Start of MATERIAL FOR THE TASK
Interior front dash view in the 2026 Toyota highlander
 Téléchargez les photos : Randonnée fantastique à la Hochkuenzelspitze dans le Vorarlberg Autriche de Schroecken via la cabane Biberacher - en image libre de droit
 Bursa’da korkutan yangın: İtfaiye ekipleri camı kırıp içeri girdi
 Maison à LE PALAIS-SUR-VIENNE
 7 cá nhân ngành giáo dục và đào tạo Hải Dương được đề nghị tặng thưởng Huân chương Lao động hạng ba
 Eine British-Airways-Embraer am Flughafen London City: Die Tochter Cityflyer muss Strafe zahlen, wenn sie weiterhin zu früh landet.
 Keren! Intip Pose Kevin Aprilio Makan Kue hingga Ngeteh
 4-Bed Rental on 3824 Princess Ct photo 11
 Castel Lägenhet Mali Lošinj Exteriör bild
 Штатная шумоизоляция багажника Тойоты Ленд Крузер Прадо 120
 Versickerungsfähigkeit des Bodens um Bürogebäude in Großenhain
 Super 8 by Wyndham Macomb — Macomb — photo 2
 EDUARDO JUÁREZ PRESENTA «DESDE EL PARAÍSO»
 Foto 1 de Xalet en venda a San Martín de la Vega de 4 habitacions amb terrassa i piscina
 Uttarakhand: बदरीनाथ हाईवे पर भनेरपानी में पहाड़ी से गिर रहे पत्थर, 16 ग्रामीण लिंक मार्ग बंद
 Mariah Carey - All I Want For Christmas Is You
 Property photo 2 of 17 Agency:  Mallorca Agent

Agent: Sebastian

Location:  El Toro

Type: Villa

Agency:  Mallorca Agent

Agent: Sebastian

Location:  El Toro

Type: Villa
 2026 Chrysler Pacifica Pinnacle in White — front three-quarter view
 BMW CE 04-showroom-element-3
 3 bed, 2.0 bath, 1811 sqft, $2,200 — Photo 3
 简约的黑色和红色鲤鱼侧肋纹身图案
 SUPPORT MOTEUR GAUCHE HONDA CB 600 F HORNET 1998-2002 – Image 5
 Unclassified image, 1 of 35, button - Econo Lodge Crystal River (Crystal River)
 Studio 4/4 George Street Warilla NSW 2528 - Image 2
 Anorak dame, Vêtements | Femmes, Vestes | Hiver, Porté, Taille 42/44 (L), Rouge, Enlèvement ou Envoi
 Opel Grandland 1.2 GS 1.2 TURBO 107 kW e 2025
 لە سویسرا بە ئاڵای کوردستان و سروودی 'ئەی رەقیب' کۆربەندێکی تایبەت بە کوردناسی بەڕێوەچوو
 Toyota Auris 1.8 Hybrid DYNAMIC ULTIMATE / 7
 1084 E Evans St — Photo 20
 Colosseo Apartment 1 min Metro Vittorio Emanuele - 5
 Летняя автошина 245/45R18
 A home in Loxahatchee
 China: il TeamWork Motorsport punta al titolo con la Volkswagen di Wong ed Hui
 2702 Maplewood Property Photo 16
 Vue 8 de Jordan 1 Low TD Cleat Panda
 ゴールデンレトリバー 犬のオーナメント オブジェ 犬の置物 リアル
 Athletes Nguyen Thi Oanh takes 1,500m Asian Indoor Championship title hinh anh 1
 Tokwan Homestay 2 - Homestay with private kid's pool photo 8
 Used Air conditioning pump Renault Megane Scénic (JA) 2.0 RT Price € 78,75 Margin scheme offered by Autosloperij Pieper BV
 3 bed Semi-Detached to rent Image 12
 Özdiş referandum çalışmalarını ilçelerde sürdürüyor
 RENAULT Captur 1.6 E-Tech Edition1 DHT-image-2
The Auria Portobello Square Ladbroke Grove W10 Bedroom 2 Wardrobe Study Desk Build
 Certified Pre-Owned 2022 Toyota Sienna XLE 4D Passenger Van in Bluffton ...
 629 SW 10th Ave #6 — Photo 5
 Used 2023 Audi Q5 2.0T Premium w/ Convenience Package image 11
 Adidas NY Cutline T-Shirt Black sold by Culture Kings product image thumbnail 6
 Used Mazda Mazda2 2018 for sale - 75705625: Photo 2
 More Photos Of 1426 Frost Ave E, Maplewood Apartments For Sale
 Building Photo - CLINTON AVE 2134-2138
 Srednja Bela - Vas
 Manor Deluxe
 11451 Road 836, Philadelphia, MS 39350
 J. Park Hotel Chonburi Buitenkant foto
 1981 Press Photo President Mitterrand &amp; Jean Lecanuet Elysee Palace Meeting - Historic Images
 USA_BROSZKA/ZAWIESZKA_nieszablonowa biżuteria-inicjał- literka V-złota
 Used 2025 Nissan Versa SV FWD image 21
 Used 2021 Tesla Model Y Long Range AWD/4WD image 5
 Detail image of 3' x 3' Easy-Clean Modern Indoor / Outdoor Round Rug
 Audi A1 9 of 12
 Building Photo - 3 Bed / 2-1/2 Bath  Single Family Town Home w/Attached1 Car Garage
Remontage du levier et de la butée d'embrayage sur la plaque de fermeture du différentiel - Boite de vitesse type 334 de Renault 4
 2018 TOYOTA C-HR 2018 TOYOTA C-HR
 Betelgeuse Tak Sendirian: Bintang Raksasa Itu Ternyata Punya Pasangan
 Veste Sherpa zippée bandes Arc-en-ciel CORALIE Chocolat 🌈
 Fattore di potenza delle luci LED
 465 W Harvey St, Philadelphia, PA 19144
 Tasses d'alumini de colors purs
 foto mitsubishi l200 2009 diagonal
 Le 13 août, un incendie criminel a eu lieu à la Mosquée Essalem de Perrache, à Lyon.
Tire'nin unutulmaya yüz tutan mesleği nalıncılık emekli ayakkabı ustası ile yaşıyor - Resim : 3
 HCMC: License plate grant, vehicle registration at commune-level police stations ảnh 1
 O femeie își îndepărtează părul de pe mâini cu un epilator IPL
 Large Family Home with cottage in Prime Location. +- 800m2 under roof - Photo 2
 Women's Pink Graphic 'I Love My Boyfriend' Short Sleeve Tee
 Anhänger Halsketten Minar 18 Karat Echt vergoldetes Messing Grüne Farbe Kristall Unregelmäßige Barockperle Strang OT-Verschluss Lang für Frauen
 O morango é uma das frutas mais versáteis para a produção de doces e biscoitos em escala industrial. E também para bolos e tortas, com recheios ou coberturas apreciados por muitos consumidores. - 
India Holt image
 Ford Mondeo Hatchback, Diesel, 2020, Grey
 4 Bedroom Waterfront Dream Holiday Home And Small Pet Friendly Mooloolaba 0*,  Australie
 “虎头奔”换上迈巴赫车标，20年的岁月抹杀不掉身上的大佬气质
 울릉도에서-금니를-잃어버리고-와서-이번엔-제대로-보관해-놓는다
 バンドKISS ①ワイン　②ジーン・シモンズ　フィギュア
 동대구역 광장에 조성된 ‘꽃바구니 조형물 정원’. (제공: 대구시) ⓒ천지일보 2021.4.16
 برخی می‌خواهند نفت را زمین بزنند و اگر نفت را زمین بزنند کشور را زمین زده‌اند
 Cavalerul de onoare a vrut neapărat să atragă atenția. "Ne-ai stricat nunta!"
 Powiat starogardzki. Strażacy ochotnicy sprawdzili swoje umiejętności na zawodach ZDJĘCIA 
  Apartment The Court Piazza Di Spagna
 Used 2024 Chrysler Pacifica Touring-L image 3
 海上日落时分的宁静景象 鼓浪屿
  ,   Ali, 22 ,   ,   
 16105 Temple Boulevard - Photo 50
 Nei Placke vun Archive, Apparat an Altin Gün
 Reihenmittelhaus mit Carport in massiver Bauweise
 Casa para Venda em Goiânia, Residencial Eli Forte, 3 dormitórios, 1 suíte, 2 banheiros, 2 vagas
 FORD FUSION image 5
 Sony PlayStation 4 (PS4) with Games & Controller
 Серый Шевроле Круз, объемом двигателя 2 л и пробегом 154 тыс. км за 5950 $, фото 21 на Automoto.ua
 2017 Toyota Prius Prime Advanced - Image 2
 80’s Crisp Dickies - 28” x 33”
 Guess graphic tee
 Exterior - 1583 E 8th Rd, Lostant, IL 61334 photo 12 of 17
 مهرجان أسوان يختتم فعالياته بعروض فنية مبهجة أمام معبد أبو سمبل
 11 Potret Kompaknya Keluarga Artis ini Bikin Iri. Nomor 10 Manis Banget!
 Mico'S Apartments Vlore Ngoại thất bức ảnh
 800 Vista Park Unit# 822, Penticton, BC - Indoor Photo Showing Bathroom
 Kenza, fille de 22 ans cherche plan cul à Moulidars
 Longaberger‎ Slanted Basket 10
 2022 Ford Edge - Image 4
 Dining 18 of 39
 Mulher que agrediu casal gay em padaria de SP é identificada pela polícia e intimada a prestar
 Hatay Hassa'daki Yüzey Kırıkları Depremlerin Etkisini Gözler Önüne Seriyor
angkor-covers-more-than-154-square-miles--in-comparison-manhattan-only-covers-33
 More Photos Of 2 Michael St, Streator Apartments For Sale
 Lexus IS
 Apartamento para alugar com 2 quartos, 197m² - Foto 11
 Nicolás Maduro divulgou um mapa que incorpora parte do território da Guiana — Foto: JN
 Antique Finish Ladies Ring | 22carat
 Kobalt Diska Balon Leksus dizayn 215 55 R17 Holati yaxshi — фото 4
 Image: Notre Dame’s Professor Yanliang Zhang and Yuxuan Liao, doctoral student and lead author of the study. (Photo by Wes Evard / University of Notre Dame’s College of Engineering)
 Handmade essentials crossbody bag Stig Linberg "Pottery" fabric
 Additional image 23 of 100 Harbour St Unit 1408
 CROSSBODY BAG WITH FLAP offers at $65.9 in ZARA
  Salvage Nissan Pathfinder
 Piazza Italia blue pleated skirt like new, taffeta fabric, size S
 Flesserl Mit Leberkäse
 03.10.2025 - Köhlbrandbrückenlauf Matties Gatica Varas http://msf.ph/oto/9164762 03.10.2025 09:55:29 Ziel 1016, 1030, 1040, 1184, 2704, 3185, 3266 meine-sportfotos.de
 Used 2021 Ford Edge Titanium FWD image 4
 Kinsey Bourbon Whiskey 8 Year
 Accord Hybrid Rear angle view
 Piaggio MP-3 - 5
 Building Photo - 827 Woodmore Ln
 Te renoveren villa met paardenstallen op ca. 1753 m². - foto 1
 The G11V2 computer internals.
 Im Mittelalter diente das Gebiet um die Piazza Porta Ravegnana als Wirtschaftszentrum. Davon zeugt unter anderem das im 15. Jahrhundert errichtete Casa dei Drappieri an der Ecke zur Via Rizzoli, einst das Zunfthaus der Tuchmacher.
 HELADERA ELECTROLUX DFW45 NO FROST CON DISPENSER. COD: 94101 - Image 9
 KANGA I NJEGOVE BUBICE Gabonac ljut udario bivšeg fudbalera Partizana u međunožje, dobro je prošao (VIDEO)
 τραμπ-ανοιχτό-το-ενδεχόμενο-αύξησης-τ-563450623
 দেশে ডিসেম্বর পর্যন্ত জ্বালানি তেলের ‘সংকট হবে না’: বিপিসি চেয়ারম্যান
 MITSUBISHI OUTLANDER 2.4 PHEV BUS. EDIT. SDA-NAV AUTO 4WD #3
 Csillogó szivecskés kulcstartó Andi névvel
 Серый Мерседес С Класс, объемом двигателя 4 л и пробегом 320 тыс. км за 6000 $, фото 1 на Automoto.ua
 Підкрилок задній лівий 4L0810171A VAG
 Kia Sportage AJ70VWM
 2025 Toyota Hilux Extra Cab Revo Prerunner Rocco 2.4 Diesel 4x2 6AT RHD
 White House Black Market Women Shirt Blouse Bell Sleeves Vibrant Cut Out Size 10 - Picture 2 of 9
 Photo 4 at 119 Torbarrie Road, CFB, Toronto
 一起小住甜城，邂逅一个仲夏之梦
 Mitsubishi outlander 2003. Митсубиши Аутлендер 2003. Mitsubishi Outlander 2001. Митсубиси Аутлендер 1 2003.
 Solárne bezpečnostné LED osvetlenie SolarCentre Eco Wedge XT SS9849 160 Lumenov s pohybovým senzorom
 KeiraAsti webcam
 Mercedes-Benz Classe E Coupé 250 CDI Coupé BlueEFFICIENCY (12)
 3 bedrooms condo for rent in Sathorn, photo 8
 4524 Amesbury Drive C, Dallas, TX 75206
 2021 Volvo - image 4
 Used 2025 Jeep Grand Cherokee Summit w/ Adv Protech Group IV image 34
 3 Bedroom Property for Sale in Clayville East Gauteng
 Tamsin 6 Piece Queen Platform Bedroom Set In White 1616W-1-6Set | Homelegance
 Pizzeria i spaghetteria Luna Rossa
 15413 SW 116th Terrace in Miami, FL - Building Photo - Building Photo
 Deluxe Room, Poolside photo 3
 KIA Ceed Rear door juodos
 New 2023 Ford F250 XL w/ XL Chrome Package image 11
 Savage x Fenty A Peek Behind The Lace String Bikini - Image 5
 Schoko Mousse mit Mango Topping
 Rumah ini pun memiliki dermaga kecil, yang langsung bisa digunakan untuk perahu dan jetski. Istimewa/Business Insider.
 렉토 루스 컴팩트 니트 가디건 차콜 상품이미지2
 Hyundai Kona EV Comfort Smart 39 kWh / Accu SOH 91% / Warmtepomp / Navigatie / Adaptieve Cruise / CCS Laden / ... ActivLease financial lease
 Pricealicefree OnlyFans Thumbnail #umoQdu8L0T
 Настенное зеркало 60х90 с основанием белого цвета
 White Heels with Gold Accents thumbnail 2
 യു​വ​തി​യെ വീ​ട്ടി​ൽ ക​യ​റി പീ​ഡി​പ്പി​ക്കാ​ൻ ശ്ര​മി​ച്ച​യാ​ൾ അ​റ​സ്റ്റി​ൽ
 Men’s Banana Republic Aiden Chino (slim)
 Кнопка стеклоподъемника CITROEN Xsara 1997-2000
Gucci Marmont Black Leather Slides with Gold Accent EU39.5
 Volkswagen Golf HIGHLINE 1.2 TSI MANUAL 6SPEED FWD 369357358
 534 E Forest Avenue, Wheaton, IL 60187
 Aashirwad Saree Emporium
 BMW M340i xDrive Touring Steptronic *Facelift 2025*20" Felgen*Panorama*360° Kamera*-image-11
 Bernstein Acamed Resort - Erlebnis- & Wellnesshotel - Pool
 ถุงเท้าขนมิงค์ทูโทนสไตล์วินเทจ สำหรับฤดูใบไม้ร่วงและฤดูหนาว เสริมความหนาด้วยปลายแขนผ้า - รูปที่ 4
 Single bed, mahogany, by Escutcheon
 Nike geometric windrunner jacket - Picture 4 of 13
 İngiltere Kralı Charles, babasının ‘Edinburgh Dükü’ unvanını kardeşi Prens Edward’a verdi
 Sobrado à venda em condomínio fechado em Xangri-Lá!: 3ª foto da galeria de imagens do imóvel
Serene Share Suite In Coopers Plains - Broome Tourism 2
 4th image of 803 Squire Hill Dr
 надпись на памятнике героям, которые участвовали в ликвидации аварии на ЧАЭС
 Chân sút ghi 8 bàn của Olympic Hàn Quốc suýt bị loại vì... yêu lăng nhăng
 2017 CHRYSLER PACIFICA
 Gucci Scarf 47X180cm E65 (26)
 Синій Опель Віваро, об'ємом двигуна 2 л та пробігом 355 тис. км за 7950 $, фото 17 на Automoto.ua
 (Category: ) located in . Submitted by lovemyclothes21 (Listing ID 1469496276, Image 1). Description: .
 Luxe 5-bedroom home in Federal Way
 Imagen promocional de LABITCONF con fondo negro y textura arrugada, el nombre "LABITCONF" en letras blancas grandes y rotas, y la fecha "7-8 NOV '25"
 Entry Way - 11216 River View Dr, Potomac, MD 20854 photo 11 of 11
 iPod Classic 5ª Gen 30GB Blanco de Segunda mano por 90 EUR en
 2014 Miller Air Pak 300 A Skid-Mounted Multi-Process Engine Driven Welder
End of MATERIAL FOR THE TASK
Write down again the exact lines running from the beginning of the data to the line containing "Foto 1 de Xalet", with both ends included.

### SOLUTION TO THIS PROBLEM
Interior front dash view in the 2026 Toyota highlander
 Téléchargez les photos : Randonnée fantastique à la Hochkuenzelspitze dans le Vorarlberg Autriche de Schroecken via la cabane Biberacher - en image libre de droit
 Bursa’da korkutan yangın: İtfaiye ekipleri camı kırıp içeri girdi
 Maison à LE PALAIS-SUR-VIENNE
 7 cá nhân ngành giáo dục và đào tạo Hải Dương được đề nghị tặng thưởng Huân chương Lao động hạng ba
 Eine British-Airways-Embraer am Flughafen London City: Die Tochter Cityflyer muss Strafe zahlen, wenn sie weiterhin zu früh landet.
 Keren! Intip Pose Kevin Aprilio Makan Kue hingga Ngeteh
 4-Bed Rental on 3824 Princess Ct photo 11
 Castel Lägenhet Mali Lošinj Exteriör bild
 Штатная шумоизоляция багажника Тойоты Ленд Крузер Прадо 120
 Versickerungsfähigkeit des Bodens um Bürogebäude in Großenhain
 Super 8 by Wyndham Macomb — Macomb — photo 2
 EDUARDO JUÁREZ PRESENTA «DESDE EL PARAÍSO»
 Foto 1 de Xalet en venda a San Martín de la Vega de 4 habitacions amb terrassa i piscina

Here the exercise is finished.